(RECORDS FOR PROCESSING)
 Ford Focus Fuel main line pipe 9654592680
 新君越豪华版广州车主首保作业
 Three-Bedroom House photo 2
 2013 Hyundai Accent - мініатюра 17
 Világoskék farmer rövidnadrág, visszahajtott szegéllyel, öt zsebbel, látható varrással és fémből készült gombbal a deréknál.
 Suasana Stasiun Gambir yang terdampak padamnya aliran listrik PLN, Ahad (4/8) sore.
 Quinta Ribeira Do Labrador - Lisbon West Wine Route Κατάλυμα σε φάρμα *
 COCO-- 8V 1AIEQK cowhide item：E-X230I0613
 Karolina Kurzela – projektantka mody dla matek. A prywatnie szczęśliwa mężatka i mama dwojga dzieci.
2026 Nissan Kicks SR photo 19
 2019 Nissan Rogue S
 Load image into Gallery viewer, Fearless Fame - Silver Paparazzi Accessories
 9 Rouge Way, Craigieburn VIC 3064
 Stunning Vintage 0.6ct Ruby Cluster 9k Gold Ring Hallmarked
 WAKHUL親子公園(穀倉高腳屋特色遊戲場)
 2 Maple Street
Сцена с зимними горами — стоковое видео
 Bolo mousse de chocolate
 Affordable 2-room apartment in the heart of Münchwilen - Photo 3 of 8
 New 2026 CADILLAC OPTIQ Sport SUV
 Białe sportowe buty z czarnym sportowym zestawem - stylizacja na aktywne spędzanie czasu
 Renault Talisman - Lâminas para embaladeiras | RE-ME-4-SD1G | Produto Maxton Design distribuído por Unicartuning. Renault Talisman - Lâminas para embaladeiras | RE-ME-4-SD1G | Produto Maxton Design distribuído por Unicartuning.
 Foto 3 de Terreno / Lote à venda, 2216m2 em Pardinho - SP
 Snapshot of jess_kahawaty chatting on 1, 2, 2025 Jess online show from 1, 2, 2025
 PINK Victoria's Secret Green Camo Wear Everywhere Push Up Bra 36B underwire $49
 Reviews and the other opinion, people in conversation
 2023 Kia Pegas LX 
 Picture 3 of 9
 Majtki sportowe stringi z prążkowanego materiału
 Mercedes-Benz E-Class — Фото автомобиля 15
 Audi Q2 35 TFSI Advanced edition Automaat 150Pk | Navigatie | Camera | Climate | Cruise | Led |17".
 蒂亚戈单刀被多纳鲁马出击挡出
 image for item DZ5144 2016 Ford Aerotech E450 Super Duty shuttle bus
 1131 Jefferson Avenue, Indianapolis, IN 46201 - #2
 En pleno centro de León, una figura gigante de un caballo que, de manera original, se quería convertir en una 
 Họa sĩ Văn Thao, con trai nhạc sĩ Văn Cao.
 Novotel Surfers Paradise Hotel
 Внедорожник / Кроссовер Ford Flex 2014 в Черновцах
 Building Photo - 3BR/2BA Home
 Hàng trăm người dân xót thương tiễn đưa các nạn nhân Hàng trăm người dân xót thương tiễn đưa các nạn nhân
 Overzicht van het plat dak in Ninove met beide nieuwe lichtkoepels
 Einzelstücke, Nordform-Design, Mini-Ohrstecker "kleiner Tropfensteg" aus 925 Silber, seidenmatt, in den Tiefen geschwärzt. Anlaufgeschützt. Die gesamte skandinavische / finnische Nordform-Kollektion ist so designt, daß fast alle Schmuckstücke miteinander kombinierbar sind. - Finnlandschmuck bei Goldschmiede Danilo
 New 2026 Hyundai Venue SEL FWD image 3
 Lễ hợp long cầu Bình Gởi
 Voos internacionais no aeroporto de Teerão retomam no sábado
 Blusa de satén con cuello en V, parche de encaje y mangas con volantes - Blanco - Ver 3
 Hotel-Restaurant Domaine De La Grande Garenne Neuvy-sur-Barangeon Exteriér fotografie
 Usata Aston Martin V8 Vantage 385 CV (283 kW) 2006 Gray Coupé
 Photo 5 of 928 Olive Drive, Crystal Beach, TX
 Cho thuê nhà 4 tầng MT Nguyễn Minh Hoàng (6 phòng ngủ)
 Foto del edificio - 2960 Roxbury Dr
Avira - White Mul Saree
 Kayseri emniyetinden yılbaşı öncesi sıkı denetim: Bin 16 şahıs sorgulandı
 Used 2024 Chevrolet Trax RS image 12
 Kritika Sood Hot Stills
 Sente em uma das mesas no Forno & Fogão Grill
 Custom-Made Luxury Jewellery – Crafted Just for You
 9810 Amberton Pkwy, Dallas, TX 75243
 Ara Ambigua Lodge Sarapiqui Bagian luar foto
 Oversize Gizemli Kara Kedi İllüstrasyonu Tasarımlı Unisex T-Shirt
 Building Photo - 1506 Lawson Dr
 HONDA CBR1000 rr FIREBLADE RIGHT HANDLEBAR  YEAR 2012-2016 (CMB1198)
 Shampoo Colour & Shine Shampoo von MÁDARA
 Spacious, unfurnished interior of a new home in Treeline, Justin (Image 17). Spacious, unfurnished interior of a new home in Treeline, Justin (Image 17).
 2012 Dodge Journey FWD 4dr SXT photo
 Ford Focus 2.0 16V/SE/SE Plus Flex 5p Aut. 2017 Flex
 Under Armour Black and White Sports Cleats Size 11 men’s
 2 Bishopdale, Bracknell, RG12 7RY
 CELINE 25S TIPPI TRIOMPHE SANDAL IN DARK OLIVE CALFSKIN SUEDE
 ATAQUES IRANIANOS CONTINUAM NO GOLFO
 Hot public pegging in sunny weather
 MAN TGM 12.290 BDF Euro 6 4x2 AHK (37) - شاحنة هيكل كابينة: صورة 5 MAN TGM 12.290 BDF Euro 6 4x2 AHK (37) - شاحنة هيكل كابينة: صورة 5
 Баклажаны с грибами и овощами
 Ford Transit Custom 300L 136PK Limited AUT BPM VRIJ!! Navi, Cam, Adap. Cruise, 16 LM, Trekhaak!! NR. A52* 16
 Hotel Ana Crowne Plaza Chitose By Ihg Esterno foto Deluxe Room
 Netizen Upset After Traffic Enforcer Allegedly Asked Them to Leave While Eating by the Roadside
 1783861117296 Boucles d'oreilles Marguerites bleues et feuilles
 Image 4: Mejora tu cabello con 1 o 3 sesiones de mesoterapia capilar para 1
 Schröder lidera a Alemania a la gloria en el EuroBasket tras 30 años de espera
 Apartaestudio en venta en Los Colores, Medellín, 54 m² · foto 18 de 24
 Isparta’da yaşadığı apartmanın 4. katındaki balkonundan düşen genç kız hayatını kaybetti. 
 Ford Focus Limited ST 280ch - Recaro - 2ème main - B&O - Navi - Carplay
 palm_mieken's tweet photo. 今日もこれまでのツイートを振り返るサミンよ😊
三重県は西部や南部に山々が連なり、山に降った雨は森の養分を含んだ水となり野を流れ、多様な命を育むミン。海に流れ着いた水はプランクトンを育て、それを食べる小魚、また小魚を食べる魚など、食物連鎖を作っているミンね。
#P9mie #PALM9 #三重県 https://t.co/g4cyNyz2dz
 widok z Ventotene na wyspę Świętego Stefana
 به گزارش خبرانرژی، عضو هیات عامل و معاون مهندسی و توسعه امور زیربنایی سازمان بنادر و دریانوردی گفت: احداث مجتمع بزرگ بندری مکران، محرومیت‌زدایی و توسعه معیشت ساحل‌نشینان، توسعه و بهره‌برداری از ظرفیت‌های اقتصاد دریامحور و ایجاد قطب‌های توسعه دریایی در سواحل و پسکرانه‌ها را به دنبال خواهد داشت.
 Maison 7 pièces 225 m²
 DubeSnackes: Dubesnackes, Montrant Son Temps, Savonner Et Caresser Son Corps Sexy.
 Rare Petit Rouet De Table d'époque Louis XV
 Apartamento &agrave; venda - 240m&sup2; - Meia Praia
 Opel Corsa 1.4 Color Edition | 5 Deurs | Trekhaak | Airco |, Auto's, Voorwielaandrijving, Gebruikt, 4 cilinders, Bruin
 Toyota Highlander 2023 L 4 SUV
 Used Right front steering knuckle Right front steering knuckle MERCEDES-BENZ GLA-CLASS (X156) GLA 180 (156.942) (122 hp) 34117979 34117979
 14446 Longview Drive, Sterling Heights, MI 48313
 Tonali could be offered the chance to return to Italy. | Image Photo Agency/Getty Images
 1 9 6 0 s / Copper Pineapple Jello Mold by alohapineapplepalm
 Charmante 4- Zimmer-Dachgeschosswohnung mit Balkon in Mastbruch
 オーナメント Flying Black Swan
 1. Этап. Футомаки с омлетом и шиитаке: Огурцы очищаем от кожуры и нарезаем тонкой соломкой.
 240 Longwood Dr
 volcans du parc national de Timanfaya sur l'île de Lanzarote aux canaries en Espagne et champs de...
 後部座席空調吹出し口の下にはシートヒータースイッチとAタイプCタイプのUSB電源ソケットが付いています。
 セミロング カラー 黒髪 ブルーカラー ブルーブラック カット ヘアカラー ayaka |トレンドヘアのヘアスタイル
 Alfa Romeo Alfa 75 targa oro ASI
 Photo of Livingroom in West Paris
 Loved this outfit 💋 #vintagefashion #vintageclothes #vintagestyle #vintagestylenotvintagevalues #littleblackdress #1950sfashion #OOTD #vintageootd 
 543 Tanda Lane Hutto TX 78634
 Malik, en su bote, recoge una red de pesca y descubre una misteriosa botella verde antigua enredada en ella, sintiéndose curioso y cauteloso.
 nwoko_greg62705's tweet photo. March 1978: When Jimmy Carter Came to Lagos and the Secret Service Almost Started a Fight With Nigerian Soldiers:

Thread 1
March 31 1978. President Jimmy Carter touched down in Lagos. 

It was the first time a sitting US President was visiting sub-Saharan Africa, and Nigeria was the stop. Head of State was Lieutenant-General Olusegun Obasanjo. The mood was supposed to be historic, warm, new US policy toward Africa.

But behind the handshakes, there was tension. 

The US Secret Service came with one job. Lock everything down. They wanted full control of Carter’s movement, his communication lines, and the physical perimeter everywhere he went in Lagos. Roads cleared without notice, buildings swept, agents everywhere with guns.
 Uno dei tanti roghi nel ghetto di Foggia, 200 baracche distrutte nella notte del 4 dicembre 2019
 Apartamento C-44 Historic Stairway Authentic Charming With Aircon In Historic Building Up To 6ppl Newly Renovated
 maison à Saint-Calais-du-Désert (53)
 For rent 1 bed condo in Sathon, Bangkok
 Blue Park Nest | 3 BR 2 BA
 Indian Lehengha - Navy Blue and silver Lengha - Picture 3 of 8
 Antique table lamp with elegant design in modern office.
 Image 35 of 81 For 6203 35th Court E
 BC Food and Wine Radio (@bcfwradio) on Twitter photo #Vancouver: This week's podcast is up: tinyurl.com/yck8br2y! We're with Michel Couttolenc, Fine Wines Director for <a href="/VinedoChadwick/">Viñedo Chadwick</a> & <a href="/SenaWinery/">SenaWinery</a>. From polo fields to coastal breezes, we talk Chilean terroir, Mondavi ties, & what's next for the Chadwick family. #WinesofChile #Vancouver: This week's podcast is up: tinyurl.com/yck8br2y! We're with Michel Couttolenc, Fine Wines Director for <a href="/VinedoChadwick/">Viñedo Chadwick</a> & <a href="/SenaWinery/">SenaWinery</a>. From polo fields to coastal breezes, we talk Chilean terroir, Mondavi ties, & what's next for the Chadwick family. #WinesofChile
(End RECORDS FOR PROCESSING)
* [WORK TO COMPLETE]
Search the listing above for the lines with "Indian Lehengha - Navy" and "Image 35 of 81 For 6203 35th Court E", then output those lines and all lines between them exactly.

* [ANSWER TO THIS TASK]
 Indian Lehengha - Navy Blue and silver Lengha - Picture 3 of 8
 Antique table lamp with elegant design in modern office.
 Image 35 of 81 For 6203 35th Court E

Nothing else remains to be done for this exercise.